Task prompt :: Pictures are to be excluded. Please print only the lines from the one containing "BSA Holiday Park Hotel foto 7" through the end of the data, exactly as they appear.

Caption-style text data
------------------------------------------------

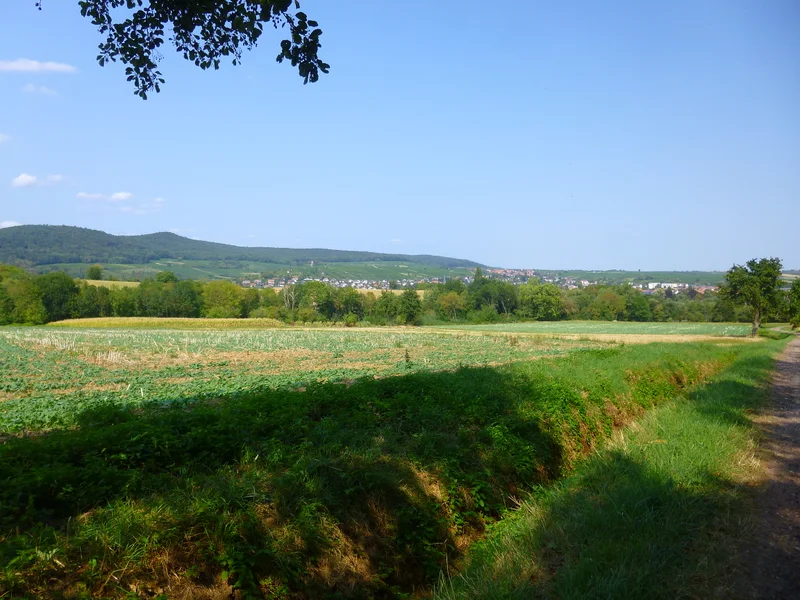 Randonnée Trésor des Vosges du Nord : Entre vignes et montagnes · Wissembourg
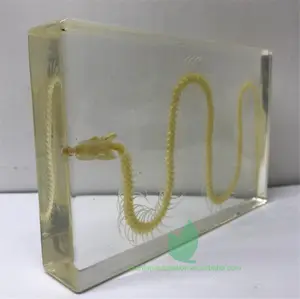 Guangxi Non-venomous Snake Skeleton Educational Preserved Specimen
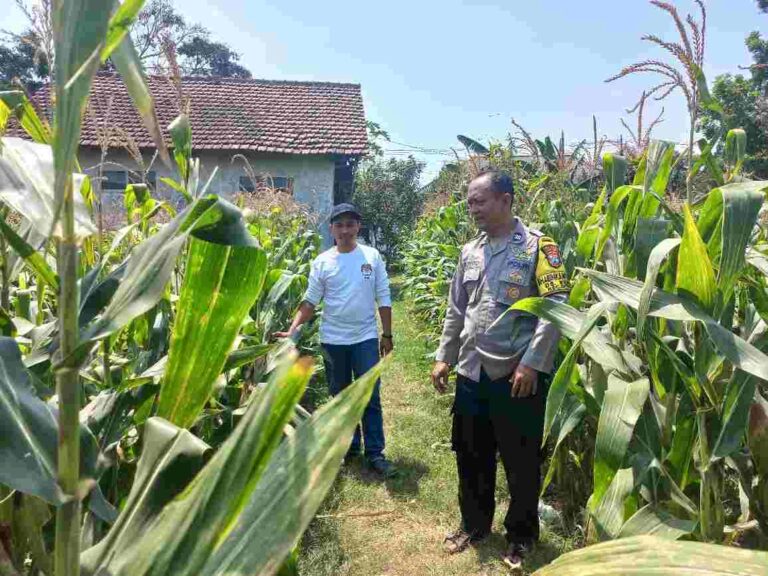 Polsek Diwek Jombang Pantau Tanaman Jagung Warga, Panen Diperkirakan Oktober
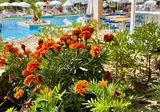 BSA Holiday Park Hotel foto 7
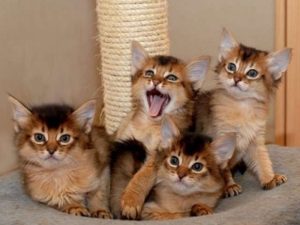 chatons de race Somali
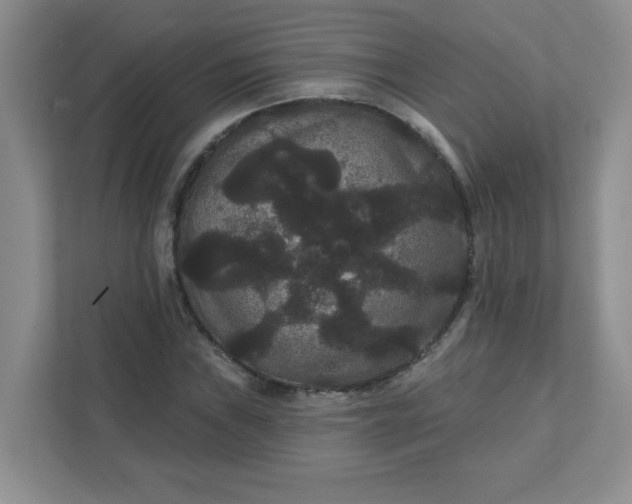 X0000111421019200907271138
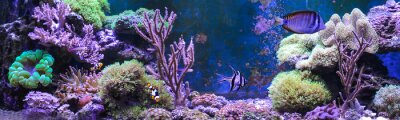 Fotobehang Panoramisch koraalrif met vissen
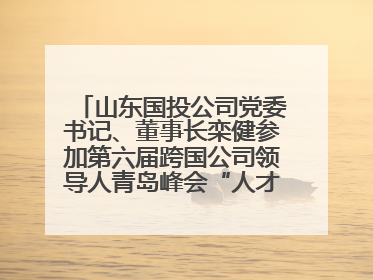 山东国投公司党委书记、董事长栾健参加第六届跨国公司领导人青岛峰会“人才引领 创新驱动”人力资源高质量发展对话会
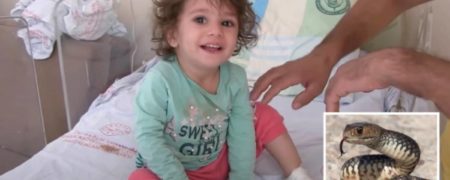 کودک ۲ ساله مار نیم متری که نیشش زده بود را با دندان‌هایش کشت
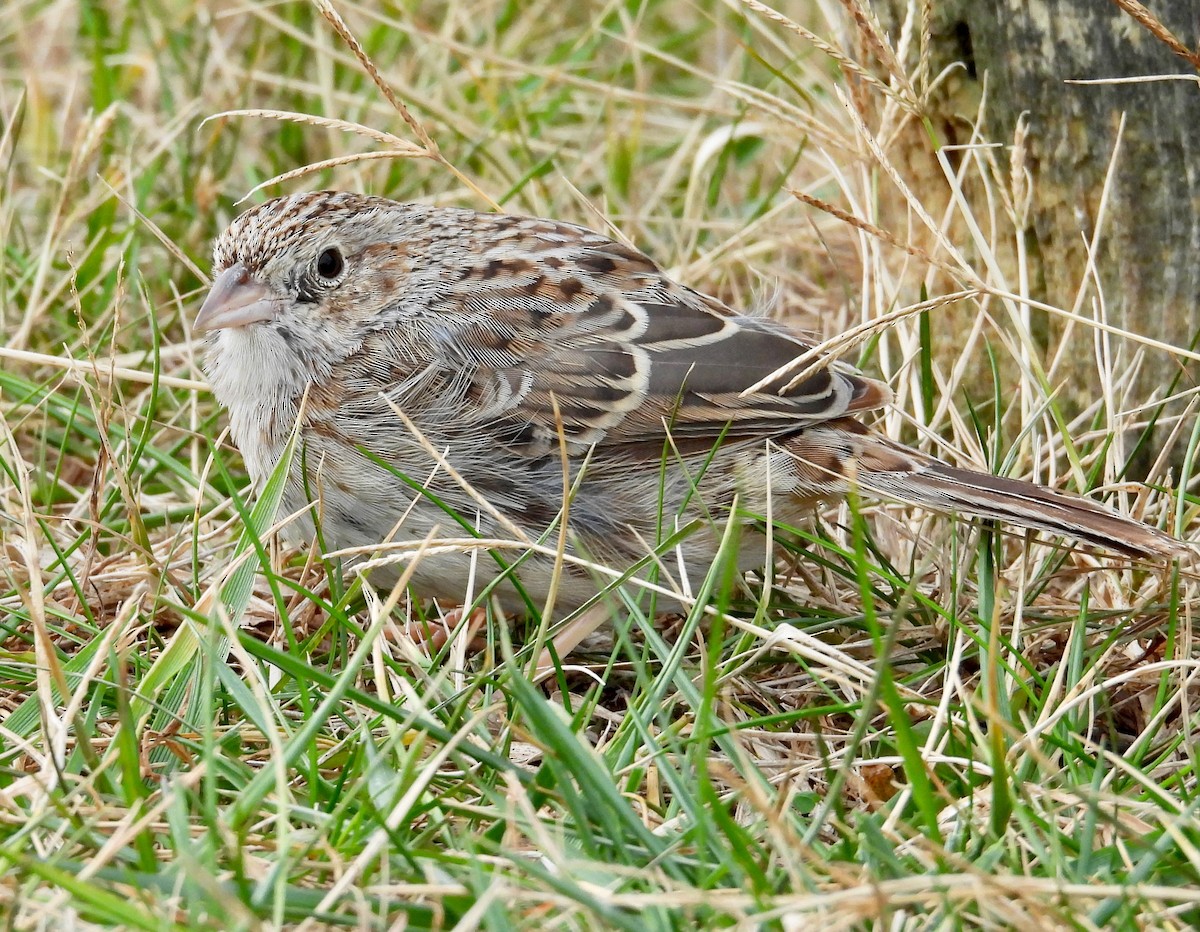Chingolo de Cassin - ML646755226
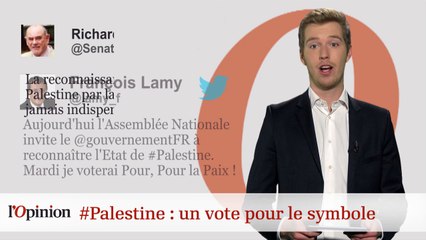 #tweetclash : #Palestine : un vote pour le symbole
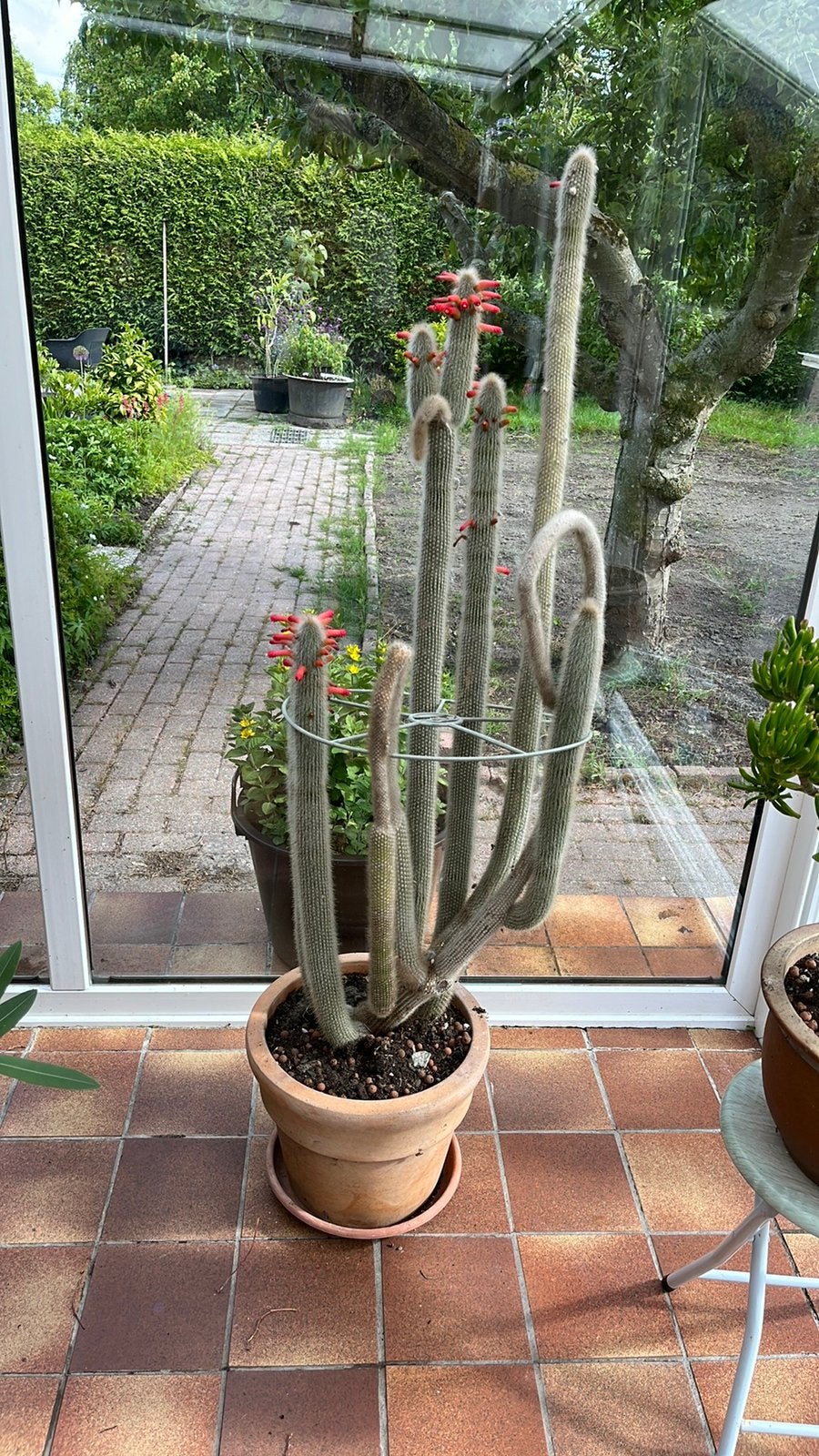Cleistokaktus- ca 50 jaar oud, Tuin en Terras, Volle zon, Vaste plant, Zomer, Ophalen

------------------------------------------------

Solution for this exercise ::
 BSA Holiday Park Hotel foto 7
 chatons de race Somali
 X0000111421019200907271138
 Fotobehang Panoramisch koraalrif met vissen
 山东国投公司党委书记、董事长栾健参加第六届跨国公司领导人青岛峰会“人才引领 创新驱动”人力资源高质量发展对话会
 کودک ۲ ساله مار نیم متری که نیشش زده بود را با دندان‌هایش کشت
Chingolo de Cassin - ML646755226
 #tweetclash : #Palestine : un vote pour le symbole
Cleistokaktus- ca 50 jaar oud, Tuin en Terras, Volle zon, Vaste plant, Zomer, Ophalen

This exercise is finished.